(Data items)
********************
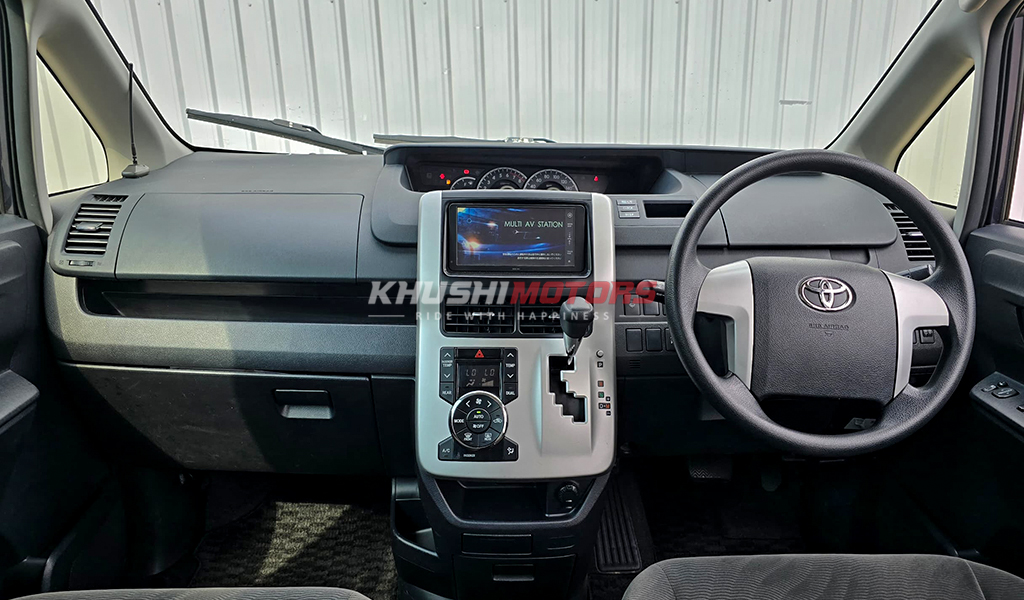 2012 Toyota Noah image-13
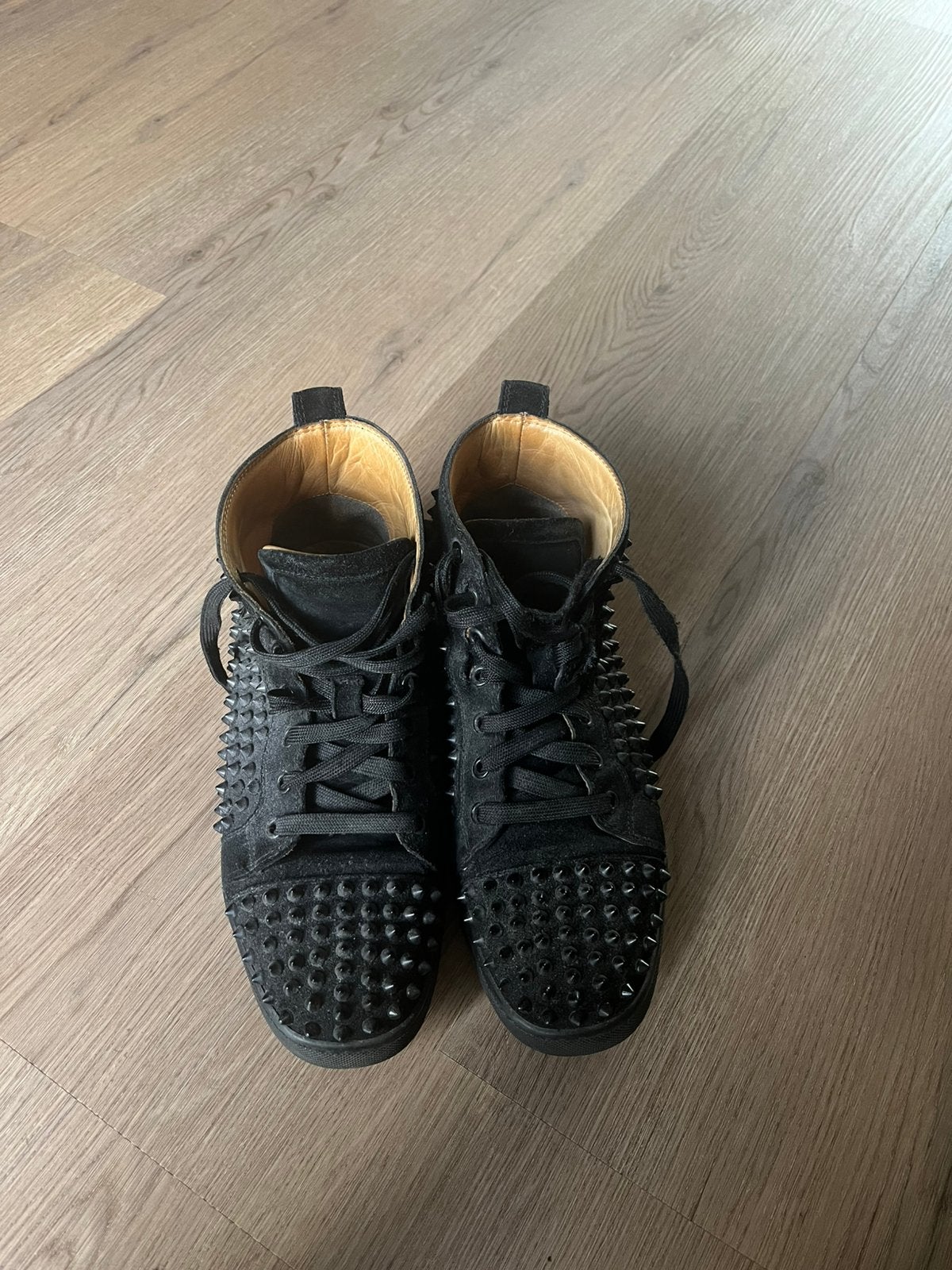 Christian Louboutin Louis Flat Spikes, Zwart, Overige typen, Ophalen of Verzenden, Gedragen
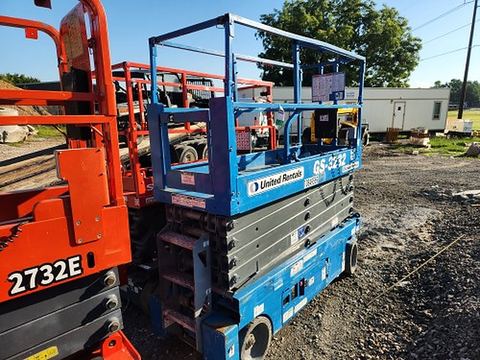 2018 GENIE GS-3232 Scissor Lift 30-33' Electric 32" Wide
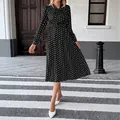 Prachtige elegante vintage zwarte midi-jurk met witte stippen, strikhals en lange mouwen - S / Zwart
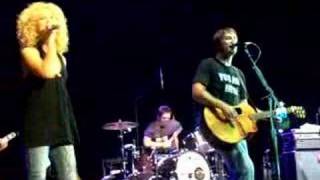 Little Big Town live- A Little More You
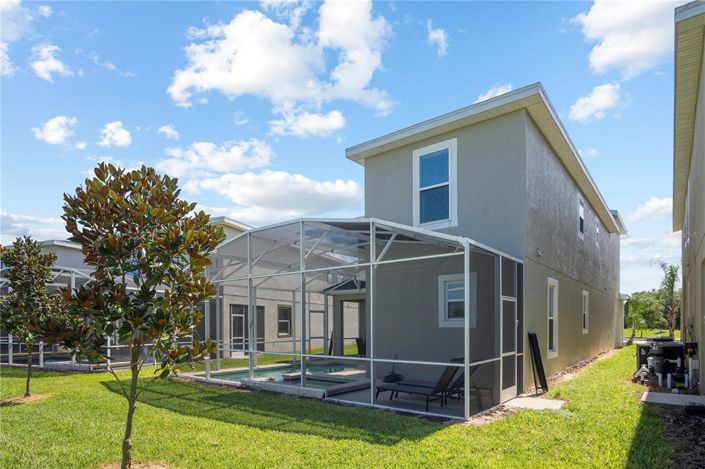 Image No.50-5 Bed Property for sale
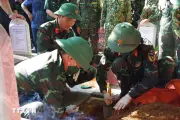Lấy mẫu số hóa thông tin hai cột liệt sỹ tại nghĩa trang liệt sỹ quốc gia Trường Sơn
********************
Nothing but the lines from the one holding "Christian Louboutin Louis" through the final line of the records above belongs in the answer, each retyped exactly; omit the pictures.

 Christian Louboutin Louis Flat Spikes, Zwart, Overige typen, Ophalen of Verzenden, Gedragen
 2018 GENIE GS-3232 Scissor Lift 30-33' Electric 32" Wide
 Prachtige elegante vintage zwarte midi-jurk met witte stippen, strikhals en lange mouwen - S / Zwart
 Little Big Town live- A Little More You
 Image No.50-5 Bed Property for sale
Lấy mẫu số hóa thông tin hai cột liệt sỹ tại nghĩa trang liệt sỹ quốc gia Trường Sơn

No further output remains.